All you little heffahs sending me hate mail because I can’t stand Justin Timberlake can eat my whole dick. I knew that douchewang was a dirty rotten little rat and his friend just proved it.
Justin Timberlake’s $6.5 Million Italian Wedding Featured a Video of Sad L.A. Vagrants Wishing Him Well
After the guests at Justin Timberlake and Jessica Biel’s wedding were whisked to southern Italy via private jet last week, they were greeted by a video produced by Timberlake’s longtime pal, L.A. real estate agent Justin Huchel. The video had a gag: Huchel hit the streets of Los Angeles and asked a bunch of homeless people, street musicians, and transexuals to wish the multimillionaire newlyweds well. Funny, funny stuff.

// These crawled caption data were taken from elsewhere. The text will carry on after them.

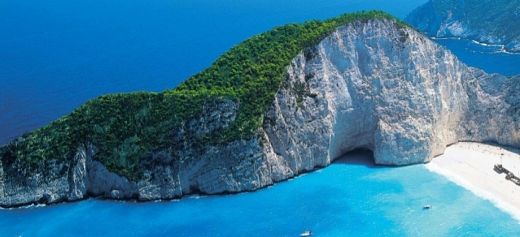 A Greek beach among the top 10 breathtaking beaches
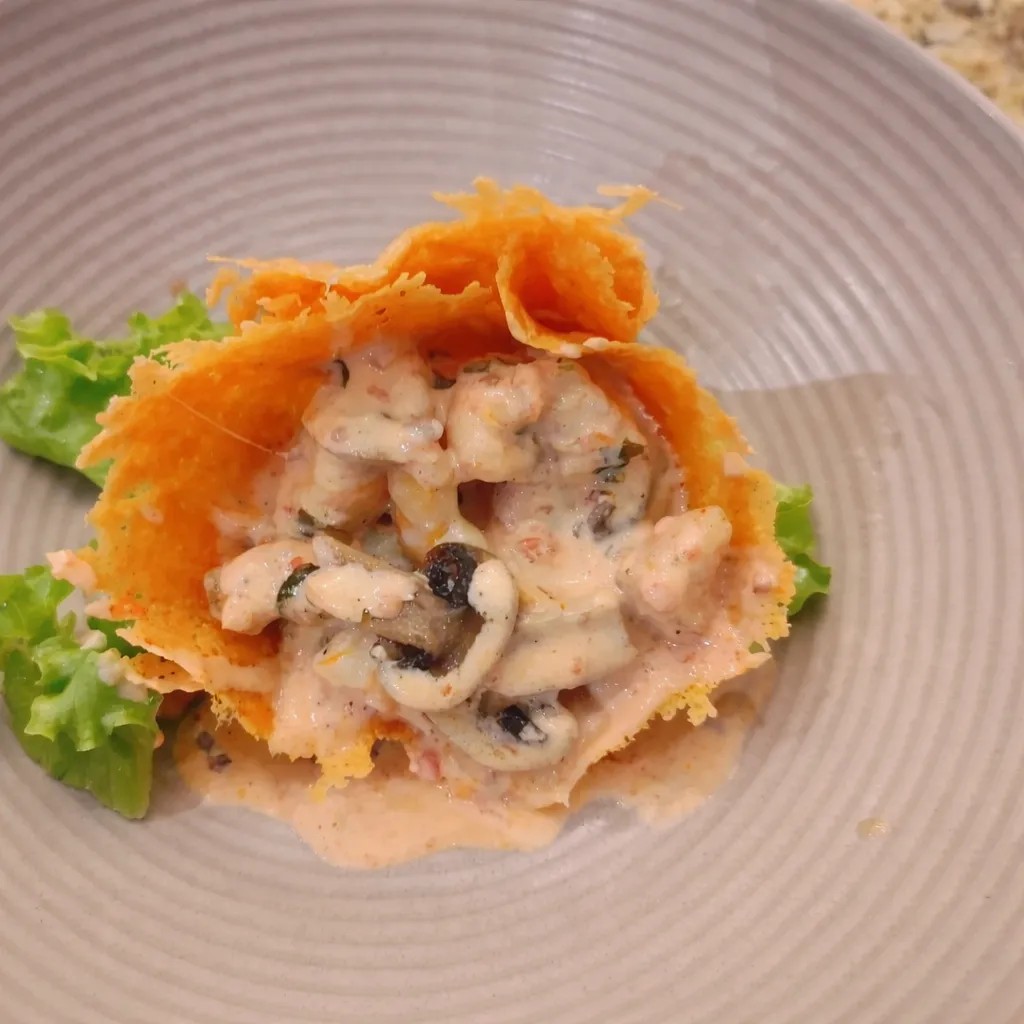 Image alt description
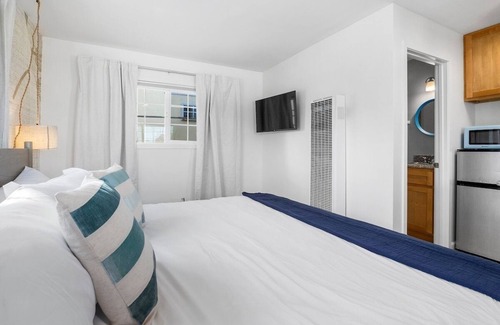 Eastside Santa Cruz Hotel | Swell House Santa Cruz - Studio Suite 9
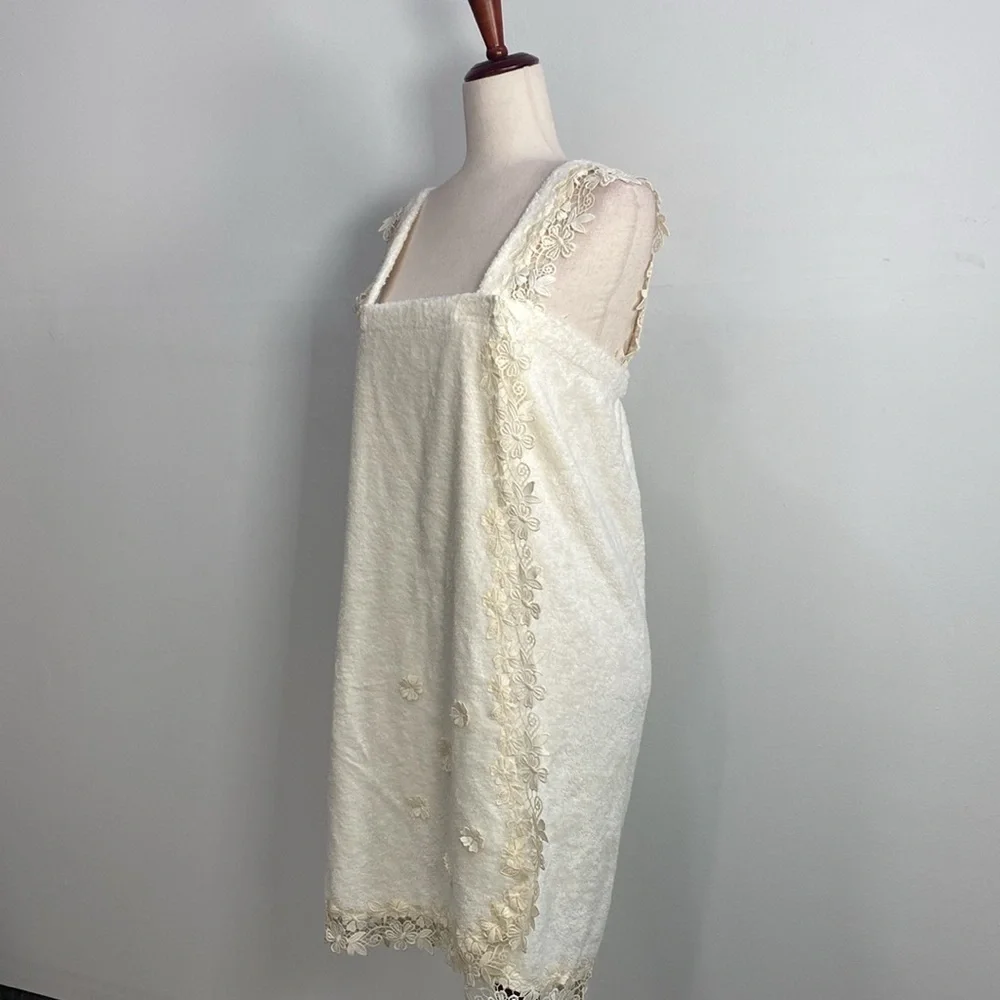 Vintage Cream Wrap Towel Floral Embroidered Flirty‎ feminine Women's S/M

So, here’s some millionaire asshole on his way to his millionaire buddy’s million-dollar wedding and he takes time to set up some laughs by exploiting a few homeless folks and other undesirables. I’m not saying you should be judged by the friends you keep but…YES I AM. THAT’S WHAT I AM SAYING. I would never keep someone around who was this transparently assholey.
They are clearly voting for Mitt Romney and that’s reason enough for me to throw Justin to pack of rabid rapist dogs. I just have this image in my mind of all these rich assholes sitting in a room swathed in jewels, with $600 haircuts, eating off of plates that could individually pay my rent every month, laughing at the po’ folk, as they take another bite of veal that was raised by hand by an old German lady named Elga who bottle feeds each deer from birth to slaughter and does a ritual dance and prayer before she kills each one because it makes the meat more robust.
And. AND. He didn’t even invite Lance and Joey to the wedding! He says they’re lowclass now because they were on Dancing with the Stars. Just so we’re clear:
Exploiting homeless folks for laughs? Classy.
Participating on a family friendly reality dance competition? Not classy.
I’m glad that’s cleared up. Thank you Justin for showing me the ways of the world.